Pour chacune de ces opérations, il y a des sous-objectifs, des sous-tâches. Pour chacune, modeste ou pas, il y a lieu de bien identifier l'objectif correspondant et, donc, de déterminer la méthode, le chemin qui y conduit. 

 

Un exemple simple (en apparence)

 

Par exemple, peser : cela semble élémentaire, mais nous verrons que, au contraire, il y a lieu d'y passer du temps. Peser semble simple, puisqu'il s'agit « seulement » de déterminer la masse d'un objet avec une balance. Toutefois une balance est nécessairement imparfaite ; elle vibre, elle est « bruitée », de sorte que la valeur cherchée est en réalité inaccessible. Si l'on se représente les valeurs que l'on peut obtenir par la balance, de précision limitée, on a des graduations sur une règle. De sorte que l'on ne pourra jamais trouver la valeur vraie de la masse pesée, car la probabilité que cette valeur corresponde exactement à une graduation est mathématiquement nulle. 

Autrement dit on cherche une valeur sans avoir la moindre chance de l'atteindre, de sorte qu'il faut mieux savoir d'emblée que l'on cherche moins la masse exacte qu'une valeur approchée. Du coup, la méthode peut changer, et le chemin aussi. Dans un tel cas, pour l’utilisation d'une balance, il y a de nombreuses choses à savoir. Par exemple, qu'il faut mettre la balance bien d'aplomb grâce au niveau à bulles dont elle est équipée. Il faut aussi contrôler la balance à l'aide d'un étalon que l'on conserve au laboratoire, la "tarer" correctement, etc. 

 

Les "Comment faire"

 

Nos documents intitulés « Comment faire » sont précisément des descriptions de tout ce que nous devons faire pour avoir une chance d'obtenir un résultat admissible. Ces document concernent la totalité des actions que nous faisons, et c'est une des règles de notre groupe de recherche que de proposer à chacun de ne jamais se mettre en chemin sans avoir réfléchi à la stratégie et à la tactique. C'est cela que j'entendais par « théorisation », et il est remarquable d'observer que chaque acte intellectuel ou manuel mérite un « Comment faire », une réflexion théorique. 
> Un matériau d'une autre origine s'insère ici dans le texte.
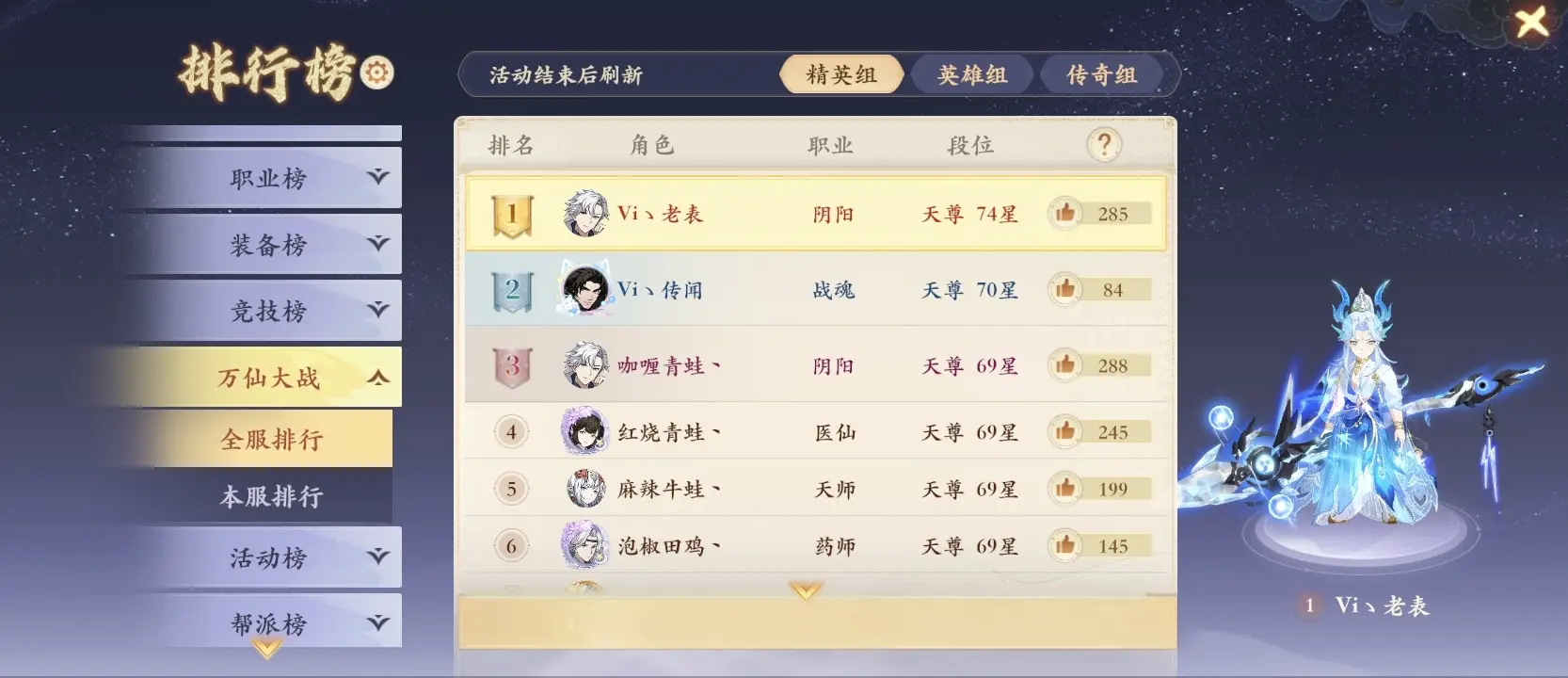 又一次把冠军留下！三支队伍卫冕成功，背后的故事更精彩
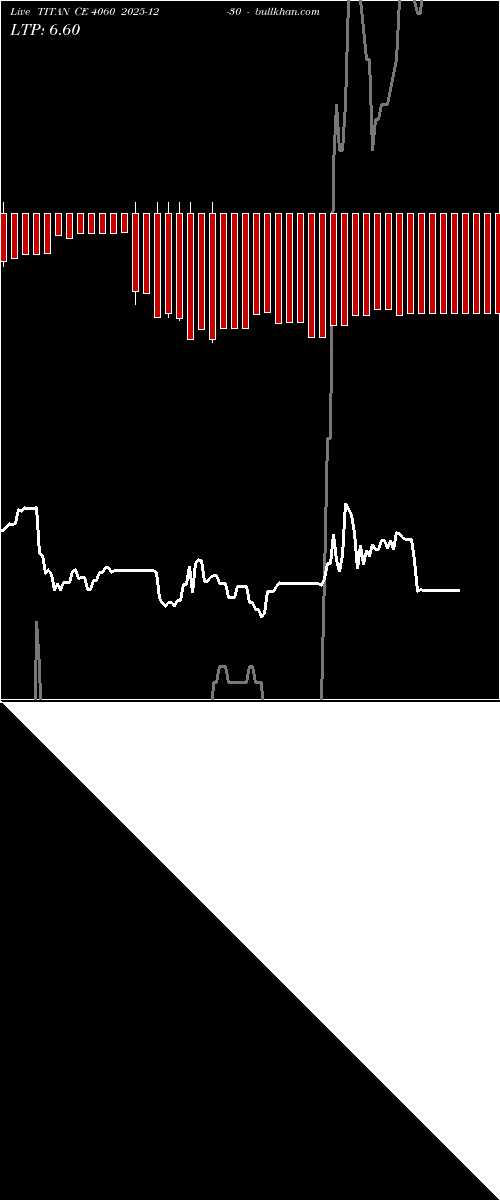  option chart TITAN CE 4060 2025-12-30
Par exemple, quand nous présentons un poster : comment bien faire ? Par exemple quand nous préparons une solution : comment bien faire ? Par exemple quand nous encadrons un stagiaire, comment bien faire ? Pour chaque tâche, un document intitulé « Comment faire ? » s'impose. 

Mieux encore, ces documents méritent d'être le résultat d'un travail collectif, progressif, à savoir que la proposition d'un membre de l'équipe peut être améliorée par d'autres, ce qui conduit à une proposition améliorée, qui sera encore améliorée par d'autres, et ainsi de suite à l'infini : car tout ce qui est humain est imparfait, de sorte que si nous ne sommes pas paresseux, nous avons une sorte d’obligation morale d'améliorer.